Andrew Sullivan Blows Colbert’s Mind with Defense of Brendan Eich

 

Stephen Colbert finally got around to covering the Mozilla CEO Brendan Eich resignation story last night, and to help him understand what happened — and how the gay community is feeling about it — the host invited The Daily Dish’s Andrew Sullivan on The Colbert Report for a chat. Colbert introduced Sullivan as “a gay” who is “obviously in favor of firing Brendan Eich,” before hearing quite the opposite from the columnist.


Much to Colbert’s surprise, Sullivan mostly reiterated what he originally expressed on his website: “I actually think we’ve come a long way on gay rights because we’ve been open, tolerant, persuaded people by reason and haven’t jumped down everybody’s throat who’s disagreed with us and get them fired. I just don’t like that kind of tenor and that impulse to punish people for things they may sincerely believe.”

After an extended pause, Colbert replied, “You’ve lost me here. Is that some kind of gay code that I’m not getting?” The host ended up in the unusual position of arguing the more “liberal” side of the debate, pushing Sullivan to explain why Eich should be allowed to both be against gay marriage and keep his job.

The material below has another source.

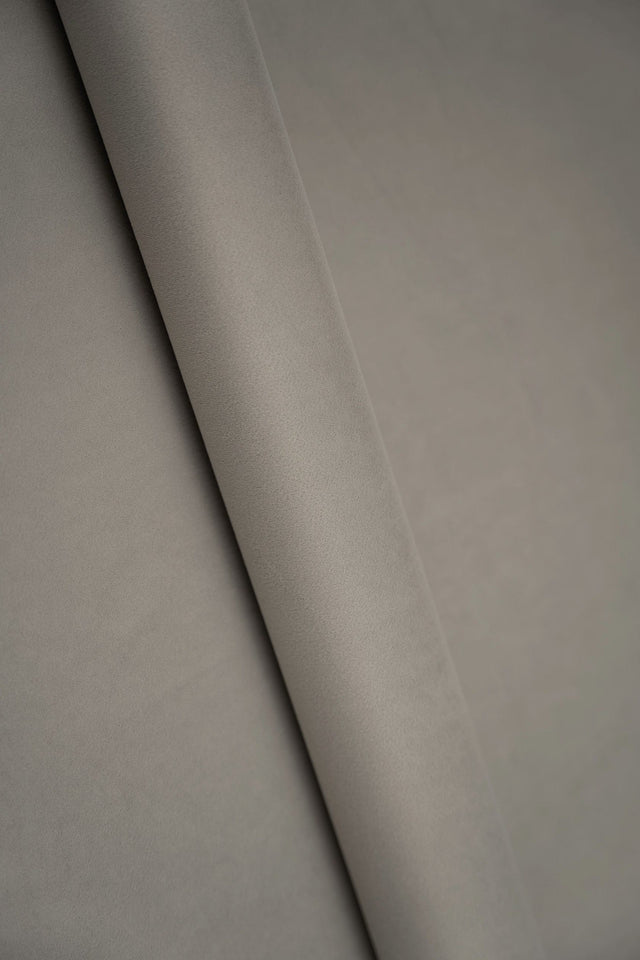 Lys varm gråbeige smart velvet møbelvelour – slidstærk & petproof, metervare til erhverv (billede 1 af 4)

When Sullivan got the crowd to applaud for the idea of working with someone despite disagreements, Colbert said, “You’ve done something worse than make my audience gay, you’ve made them reasonable.”

“I don’t think that everybody who yesterday didn’t support same-sex marriage is somehow a hateful bigot,” Sullivan told Colbert. “I mean, Barack Obama changed his mind in 2009, was he a bigot? Of course not.”

“No, he’s a bigot now,” Colbert responded, retaking his role as angry conservative.